Short web captions

···

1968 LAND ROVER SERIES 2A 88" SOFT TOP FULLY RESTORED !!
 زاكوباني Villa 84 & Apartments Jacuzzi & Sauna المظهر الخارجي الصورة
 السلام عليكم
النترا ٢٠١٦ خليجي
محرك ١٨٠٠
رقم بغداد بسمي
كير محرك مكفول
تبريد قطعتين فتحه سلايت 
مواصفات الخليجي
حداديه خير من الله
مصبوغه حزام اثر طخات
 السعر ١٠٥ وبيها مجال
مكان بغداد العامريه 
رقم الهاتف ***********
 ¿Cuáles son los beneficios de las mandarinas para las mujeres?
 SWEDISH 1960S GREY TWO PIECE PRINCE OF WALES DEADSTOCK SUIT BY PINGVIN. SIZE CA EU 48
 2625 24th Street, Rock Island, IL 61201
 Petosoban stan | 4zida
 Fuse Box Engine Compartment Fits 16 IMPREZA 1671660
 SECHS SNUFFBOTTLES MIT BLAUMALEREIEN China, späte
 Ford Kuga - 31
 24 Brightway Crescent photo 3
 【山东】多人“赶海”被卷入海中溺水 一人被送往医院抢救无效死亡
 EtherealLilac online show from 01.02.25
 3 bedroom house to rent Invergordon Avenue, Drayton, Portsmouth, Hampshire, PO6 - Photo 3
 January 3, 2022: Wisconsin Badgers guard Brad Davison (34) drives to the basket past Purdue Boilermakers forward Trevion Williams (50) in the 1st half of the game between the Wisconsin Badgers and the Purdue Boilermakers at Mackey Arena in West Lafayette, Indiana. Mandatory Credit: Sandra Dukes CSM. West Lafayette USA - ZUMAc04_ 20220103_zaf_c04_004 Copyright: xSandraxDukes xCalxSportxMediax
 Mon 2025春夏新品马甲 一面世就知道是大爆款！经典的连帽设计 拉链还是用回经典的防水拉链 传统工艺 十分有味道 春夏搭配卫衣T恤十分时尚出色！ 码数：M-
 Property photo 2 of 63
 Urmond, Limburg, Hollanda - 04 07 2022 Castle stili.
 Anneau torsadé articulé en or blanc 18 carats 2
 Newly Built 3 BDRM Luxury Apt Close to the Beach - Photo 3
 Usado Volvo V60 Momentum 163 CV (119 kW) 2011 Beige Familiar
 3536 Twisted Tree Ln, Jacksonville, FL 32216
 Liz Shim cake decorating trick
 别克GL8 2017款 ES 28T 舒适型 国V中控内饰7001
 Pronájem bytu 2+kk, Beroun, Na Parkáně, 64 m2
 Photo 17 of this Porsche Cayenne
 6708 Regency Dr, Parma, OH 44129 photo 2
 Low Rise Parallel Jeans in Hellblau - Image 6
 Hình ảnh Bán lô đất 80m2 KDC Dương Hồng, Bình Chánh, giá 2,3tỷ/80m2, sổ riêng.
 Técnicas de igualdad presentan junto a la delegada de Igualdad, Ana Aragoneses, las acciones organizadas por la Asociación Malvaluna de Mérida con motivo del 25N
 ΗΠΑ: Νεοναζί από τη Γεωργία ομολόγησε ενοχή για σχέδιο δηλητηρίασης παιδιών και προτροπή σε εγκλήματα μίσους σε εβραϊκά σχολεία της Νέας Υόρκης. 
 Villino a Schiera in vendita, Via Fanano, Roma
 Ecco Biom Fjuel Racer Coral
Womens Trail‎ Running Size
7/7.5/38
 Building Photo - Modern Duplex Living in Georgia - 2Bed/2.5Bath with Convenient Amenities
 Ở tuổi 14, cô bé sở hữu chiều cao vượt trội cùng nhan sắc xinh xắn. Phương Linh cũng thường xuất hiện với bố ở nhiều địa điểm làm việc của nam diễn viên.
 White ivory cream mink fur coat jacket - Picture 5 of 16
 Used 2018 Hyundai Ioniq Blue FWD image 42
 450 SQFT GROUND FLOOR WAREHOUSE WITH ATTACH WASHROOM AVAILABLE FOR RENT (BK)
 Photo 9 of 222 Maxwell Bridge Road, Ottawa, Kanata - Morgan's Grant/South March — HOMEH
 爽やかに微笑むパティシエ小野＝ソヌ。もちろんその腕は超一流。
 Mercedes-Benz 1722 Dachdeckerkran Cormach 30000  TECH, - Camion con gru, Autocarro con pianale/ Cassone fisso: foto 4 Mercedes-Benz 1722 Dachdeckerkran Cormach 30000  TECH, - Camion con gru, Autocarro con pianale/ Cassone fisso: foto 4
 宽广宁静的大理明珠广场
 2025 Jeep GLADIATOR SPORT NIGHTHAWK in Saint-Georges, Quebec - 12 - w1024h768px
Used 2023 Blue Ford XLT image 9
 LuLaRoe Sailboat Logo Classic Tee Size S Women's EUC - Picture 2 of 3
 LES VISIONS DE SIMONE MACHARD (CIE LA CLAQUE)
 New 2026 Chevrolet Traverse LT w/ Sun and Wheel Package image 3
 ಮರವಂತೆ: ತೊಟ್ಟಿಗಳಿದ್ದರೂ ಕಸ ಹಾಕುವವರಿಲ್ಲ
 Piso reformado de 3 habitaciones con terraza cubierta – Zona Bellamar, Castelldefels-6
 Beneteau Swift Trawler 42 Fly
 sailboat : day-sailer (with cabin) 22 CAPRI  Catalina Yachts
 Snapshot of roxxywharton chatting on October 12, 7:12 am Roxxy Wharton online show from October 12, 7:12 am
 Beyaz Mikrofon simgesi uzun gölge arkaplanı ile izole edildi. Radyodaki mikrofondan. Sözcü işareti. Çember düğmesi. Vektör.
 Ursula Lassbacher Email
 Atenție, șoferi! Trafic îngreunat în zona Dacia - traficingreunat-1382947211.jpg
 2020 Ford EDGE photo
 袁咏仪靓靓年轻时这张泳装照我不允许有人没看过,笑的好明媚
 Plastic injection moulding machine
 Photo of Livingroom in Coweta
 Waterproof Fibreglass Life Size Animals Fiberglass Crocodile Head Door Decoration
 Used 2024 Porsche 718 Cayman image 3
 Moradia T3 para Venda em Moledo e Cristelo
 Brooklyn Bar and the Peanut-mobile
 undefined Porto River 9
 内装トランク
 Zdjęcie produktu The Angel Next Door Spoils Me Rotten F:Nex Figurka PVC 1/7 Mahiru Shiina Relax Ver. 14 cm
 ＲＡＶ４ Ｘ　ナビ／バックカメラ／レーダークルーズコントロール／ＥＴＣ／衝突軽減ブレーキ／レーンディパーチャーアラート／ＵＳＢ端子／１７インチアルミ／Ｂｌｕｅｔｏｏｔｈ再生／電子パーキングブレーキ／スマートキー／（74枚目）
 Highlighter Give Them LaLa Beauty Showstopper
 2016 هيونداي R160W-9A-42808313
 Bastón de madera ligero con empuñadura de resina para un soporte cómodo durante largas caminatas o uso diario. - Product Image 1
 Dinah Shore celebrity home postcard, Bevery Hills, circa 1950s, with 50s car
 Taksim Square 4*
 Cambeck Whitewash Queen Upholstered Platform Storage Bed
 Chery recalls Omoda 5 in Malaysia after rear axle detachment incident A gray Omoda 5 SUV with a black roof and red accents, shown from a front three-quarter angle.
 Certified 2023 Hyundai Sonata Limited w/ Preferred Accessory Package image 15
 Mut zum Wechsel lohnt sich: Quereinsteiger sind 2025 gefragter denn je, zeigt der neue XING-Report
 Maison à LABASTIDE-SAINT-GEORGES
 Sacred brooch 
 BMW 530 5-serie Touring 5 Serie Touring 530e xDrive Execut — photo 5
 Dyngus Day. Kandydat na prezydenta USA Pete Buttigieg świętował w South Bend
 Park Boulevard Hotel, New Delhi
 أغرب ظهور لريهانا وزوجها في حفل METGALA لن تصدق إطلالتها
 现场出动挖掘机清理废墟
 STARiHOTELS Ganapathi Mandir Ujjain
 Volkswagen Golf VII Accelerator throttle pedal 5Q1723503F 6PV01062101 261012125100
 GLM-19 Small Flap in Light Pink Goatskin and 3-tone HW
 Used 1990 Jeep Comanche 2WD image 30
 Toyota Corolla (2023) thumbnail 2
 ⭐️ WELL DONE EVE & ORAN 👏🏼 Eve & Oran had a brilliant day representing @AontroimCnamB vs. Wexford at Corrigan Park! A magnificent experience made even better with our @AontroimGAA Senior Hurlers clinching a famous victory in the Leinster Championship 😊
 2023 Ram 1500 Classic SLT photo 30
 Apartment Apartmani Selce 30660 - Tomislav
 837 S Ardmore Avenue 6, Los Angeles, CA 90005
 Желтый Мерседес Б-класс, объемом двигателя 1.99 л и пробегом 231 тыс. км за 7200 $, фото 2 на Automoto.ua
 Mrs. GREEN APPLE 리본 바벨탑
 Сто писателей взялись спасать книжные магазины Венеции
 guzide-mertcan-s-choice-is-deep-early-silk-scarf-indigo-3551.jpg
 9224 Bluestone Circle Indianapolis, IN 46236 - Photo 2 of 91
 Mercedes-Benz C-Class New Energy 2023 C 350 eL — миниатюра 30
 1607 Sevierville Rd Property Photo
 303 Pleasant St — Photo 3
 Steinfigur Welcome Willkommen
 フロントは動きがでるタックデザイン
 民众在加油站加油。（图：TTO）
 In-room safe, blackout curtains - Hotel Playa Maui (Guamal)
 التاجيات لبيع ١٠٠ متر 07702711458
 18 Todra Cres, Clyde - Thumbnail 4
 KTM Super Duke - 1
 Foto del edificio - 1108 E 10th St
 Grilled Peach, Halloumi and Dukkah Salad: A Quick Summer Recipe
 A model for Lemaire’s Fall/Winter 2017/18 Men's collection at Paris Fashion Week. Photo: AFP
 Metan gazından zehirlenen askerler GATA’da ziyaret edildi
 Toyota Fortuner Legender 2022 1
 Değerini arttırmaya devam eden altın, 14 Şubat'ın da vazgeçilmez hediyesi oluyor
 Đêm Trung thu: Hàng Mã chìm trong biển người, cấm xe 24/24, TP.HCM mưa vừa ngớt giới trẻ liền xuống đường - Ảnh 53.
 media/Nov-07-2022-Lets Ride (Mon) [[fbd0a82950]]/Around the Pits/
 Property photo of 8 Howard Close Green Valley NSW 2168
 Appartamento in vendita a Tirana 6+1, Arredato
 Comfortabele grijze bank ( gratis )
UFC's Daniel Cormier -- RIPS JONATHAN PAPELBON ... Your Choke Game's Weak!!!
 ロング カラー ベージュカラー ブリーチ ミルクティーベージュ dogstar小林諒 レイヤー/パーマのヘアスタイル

···

WHAT YOU HAVE TO DO » Using the entries above, repeat only the lines from the one containing "Photo 17 of this Porsche Cayenne" through the one containing "Building Photo - Modern", end lines included.

WRITTEN SOLUTION »
 Photo 17 of this Porsche Cayenne
 6708 Regency Dr, Parma, OH 44129 photo 2
 Low Rise Parallel Jeans in Hellblau - Image 6
 Hình ảnh Bán lô đất 80m2 KDC Dương Hồng, Bình Chánh, giá 2,3tỷ/80m2, sổ riêng.
 Técnicas de igualdad presentan junto a la delegada de Igualdad, Ana Aragoneses, las acciones organizadas por la Asociación Malvaluna de Mérida con motivo del 25N
 ΗΠΑ: Νεοναζί από τη Γεωργία ομολόγησε ενοχή για σχέδιο δηλητηρίασης παιδιών και προτροπή σε εγκλήματα μίσους σε εβραϊκά σχολεία της Νέας Υόρκης. 
 Villino a Schiera in vendita, Via Fanano, Roma
 Ecco Biom Fjuel Racer Coral
Womens Trail‎ Running Size
7/7.5/38
 Building Photo - Modern Duplex Living in Georgia - 2Bed/2.5Bath with Convenient Amenities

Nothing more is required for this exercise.